Dataset items:
• • • • •

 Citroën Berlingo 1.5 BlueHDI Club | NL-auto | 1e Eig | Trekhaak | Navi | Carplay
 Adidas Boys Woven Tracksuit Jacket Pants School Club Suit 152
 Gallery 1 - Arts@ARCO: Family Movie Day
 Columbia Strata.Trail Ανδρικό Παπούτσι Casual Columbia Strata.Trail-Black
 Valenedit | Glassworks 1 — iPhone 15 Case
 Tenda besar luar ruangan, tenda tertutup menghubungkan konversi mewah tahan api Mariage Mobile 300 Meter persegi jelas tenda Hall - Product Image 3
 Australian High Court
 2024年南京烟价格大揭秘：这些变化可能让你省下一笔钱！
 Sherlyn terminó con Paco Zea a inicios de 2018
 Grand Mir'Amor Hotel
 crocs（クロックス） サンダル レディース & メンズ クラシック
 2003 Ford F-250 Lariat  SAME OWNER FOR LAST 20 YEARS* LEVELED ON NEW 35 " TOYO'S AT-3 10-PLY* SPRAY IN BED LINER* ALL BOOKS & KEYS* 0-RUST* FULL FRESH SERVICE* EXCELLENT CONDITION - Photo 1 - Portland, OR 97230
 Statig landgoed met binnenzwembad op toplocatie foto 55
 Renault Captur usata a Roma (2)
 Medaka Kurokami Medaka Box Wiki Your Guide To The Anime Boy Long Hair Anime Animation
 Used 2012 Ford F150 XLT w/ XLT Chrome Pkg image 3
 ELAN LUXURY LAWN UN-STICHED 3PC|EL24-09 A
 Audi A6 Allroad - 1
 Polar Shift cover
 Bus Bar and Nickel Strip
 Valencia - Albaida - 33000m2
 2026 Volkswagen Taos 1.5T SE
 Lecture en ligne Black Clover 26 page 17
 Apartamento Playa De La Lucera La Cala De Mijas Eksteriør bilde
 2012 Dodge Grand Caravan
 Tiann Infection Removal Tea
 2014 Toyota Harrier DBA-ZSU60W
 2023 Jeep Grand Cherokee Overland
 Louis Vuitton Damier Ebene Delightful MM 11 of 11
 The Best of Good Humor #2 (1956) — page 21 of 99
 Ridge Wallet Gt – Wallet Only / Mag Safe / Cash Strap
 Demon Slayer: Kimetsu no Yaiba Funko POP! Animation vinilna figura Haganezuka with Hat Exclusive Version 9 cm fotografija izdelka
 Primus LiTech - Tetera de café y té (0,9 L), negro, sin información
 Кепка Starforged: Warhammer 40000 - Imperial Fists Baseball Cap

• • • • •

== About this exercise ==
Exactly how many lines in the records contain the string "Club"? Give that number alone.

== Response ==
2